▸ WHAT TO DO:
In the entries below, print exactly the lines from the first through the one with "Nuclear Transcription Factor", both included, and none of the pictures.

--- DATA PROVIDED Enclosed Below ---

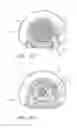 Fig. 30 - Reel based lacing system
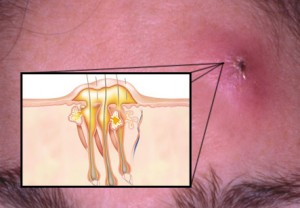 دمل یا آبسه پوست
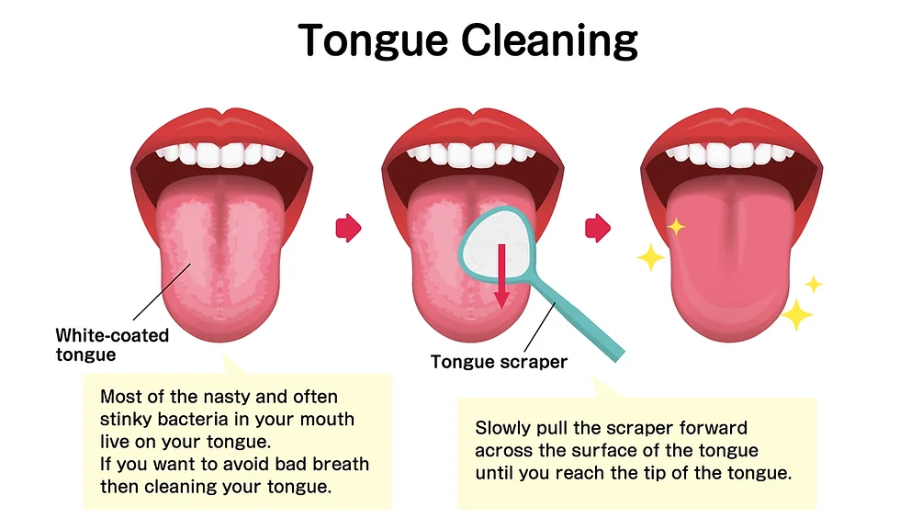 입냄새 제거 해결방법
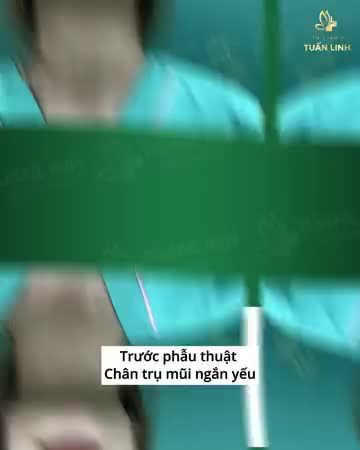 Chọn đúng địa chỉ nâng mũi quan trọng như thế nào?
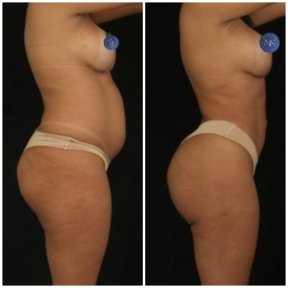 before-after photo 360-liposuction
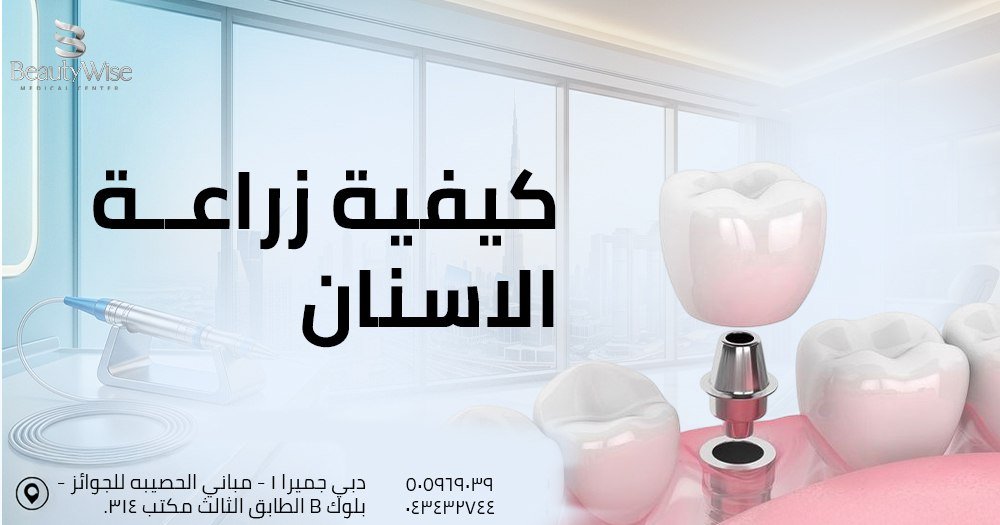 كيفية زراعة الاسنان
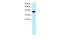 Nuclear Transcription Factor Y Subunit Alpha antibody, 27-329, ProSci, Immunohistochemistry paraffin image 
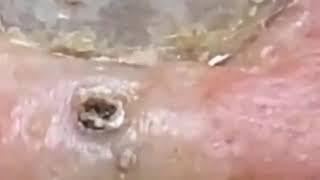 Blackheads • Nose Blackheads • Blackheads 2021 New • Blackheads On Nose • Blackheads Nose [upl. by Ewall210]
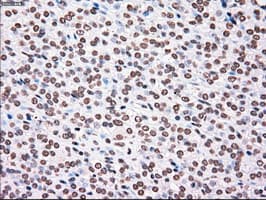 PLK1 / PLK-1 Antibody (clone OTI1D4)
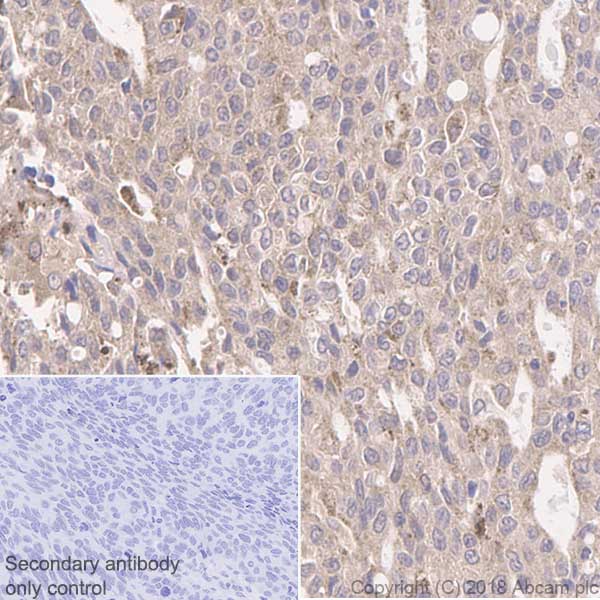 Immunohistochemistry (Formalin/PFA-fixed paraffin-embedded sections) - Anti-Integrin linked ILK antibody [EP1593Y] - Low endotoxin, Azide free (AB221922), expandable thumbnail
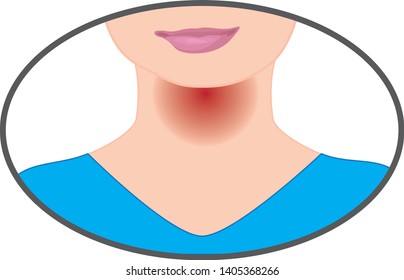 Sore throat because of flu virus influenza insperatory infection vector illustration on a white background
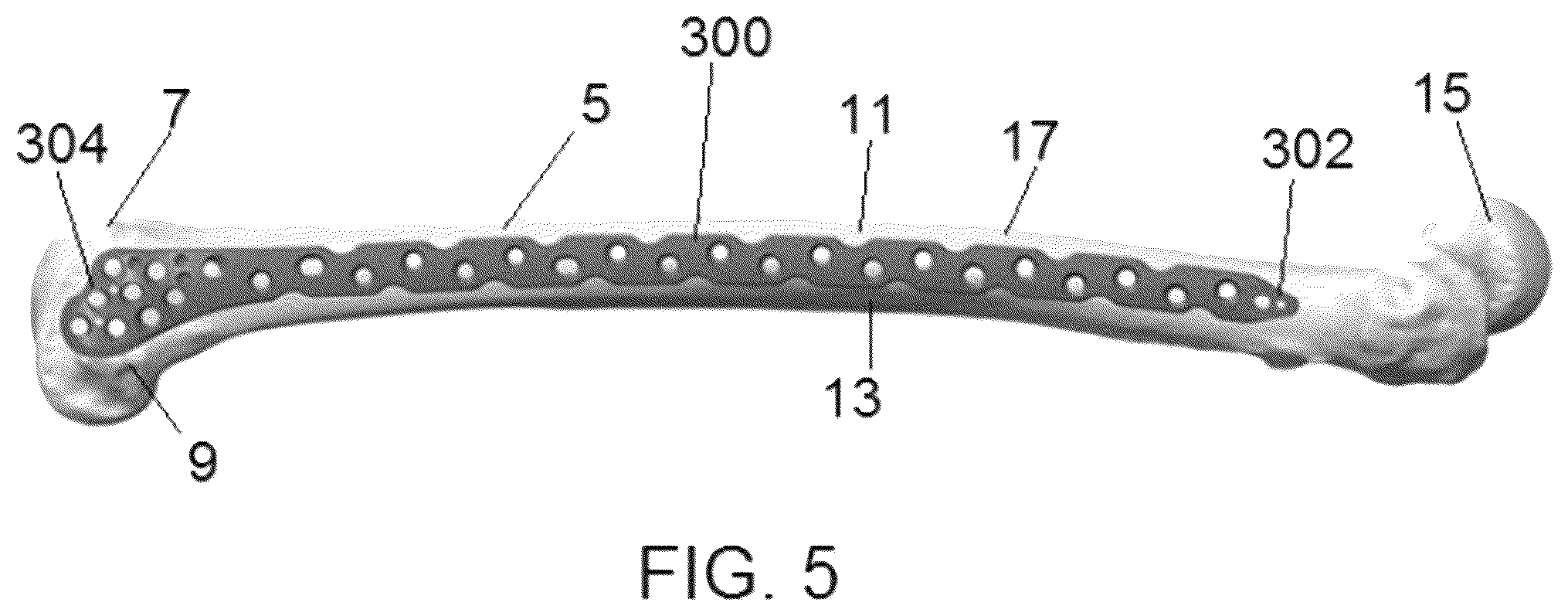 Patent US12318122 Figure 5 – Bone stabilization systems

--- End of Enclosed DATA PROVIDED ---

▸ OUTPUT FOR THIS TASK:
 Fig. 30 - Reel based lacing system
 دمل یا آبسه پوست
 입냄새 제거 해결방법
 Chọn đúng địa chỉ nâng mũi quan trọng như thế nào?
 before-after photo 360-liposuction
 كيفية زراعة الاسنان
 Nuclear Transcription Factor Y Subunit Alpha antibody, 27-329, ProSci, Immunohistochemistry paraffin image 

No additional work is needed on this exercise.